Wien - Österreich bräuchte 20 Einrichtungen für Opfer sexueller Gewalt, tatsächlich vorhanden sind aber landesweit nur sechs. Vorgesehen ist pro 200.000 Einwohner ein Center, erklärte Maria Rösslhumer, Geschäftsführerin des Vereins Autonome Österreichische Frauenhäuser. Auch an Frauenhausplätzen fehlen europaweit 54.900, das geht aus dem aktuellen WAVE Report hervor.

Der WAVE Report 2014 basiert auf Daten aus 46 europäischen Ländern, inklusive der 28 EU-Mitgliedsstaaten.

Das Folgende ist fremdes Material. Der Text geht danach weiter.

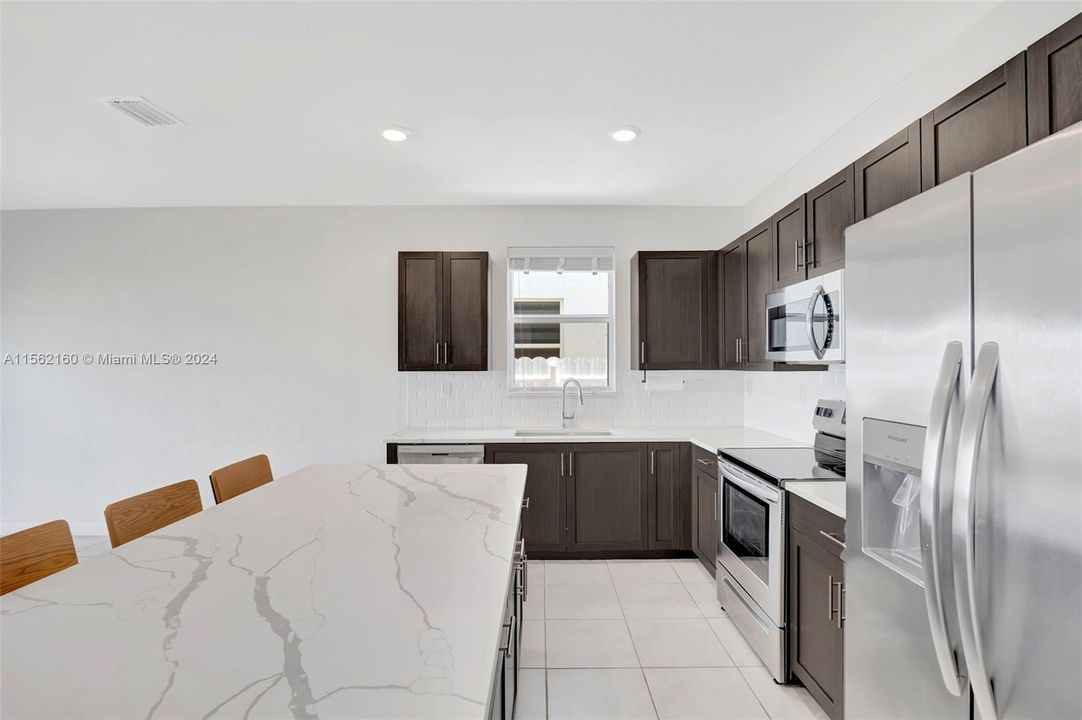For Sale: $775,000 (4 beds, 2 baths, 2591 Square Feet)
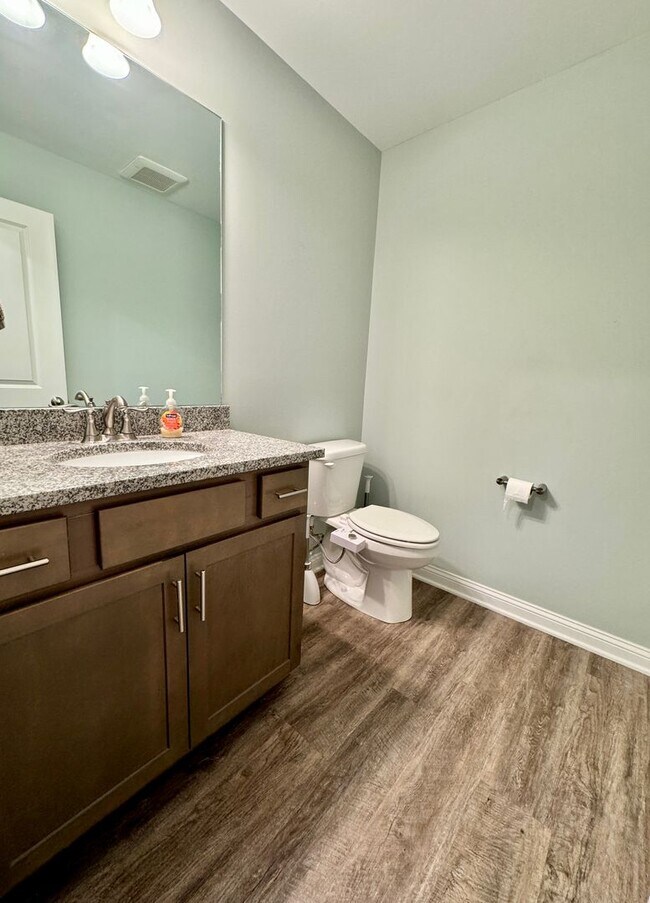 Photo - Beautiful 3 Bedroom home offering 1/2 OFF ...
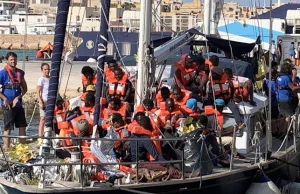 Włochy: okręty wojskowe mają blokować porty przed statkami z migrantami.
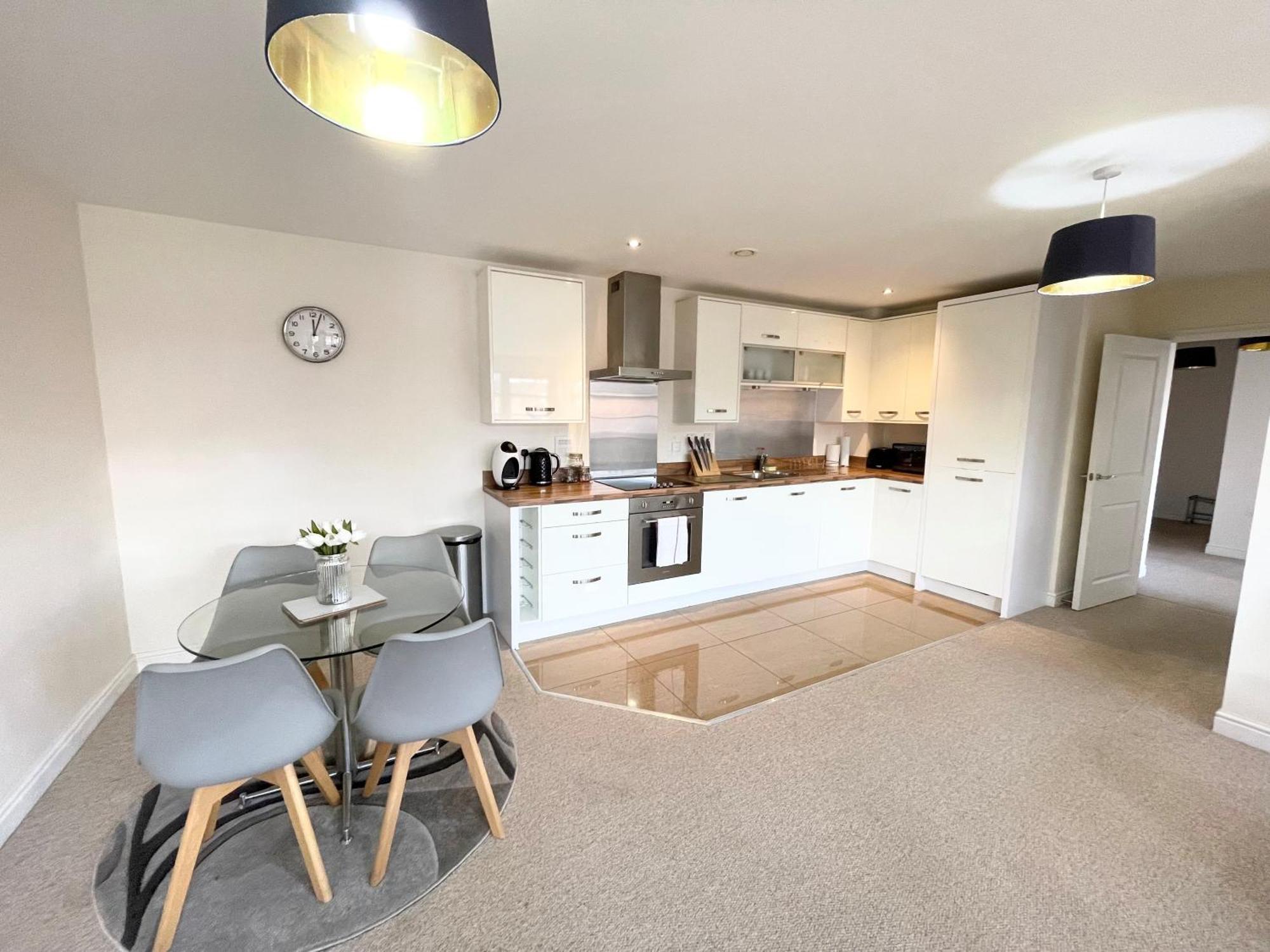 Blue Sky Apartments @Wallis Square, Farnborough Фарнбъро Екстериор снимка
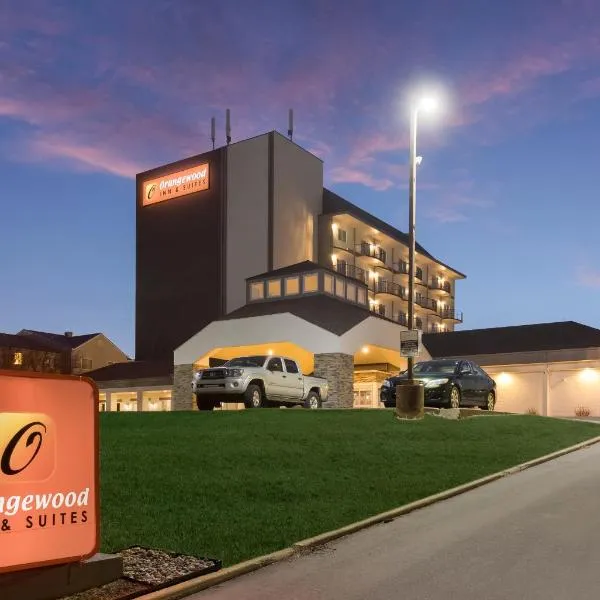 Orangewood Inn & Suites Kansas City Airport, hôtel à Platte City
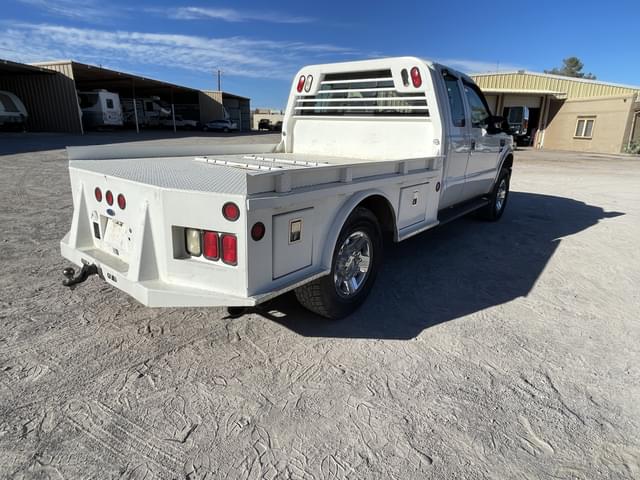 Image of Ford F-250 equipment image 4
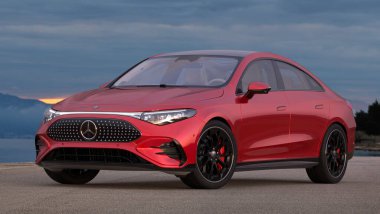 EQ teknolojisi olan yeni elektrikli Mercedes CLA.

In 31 dieser Länder (67 Prozent) gibt es eine Hotline für Opfer von Gewalt. 27 davon sind kostenlos, 19 rund um die Uhr erreichbar. In Österreich ist die Help-Line sowohl 24 Stunden als auch kostenlos verfügbar.

Großteil der Plätze in EU-Ländern

In ganz Europa bräuchte es 82.892 Betreuungsplätze für Opfer von Gewalt. Laut dem Bericht gab es zuletzt aber nur 1.748 Frauenhäuser mit 28.473 Plätzen für Frauen und ihre Kinder in ganz Europa. Knapp 54.900 Plätze fehlen demnach. Unterschiede beim verfügbaren Angebot zeigen sich nicht nur zwischen EU- und Nicht-EU-Staaten, sondern auch zwischen "alten" und "neuen" Mitgliedsländern. 84 Prozent der vorhandenen Plätze finden sich in EU-Ländern, und während in den "alten" EU-Staaten 44 Prozent der empfohlenen Plätze fehlen, sind es in den "neuen" Mitgliedsländern 87 Prozent.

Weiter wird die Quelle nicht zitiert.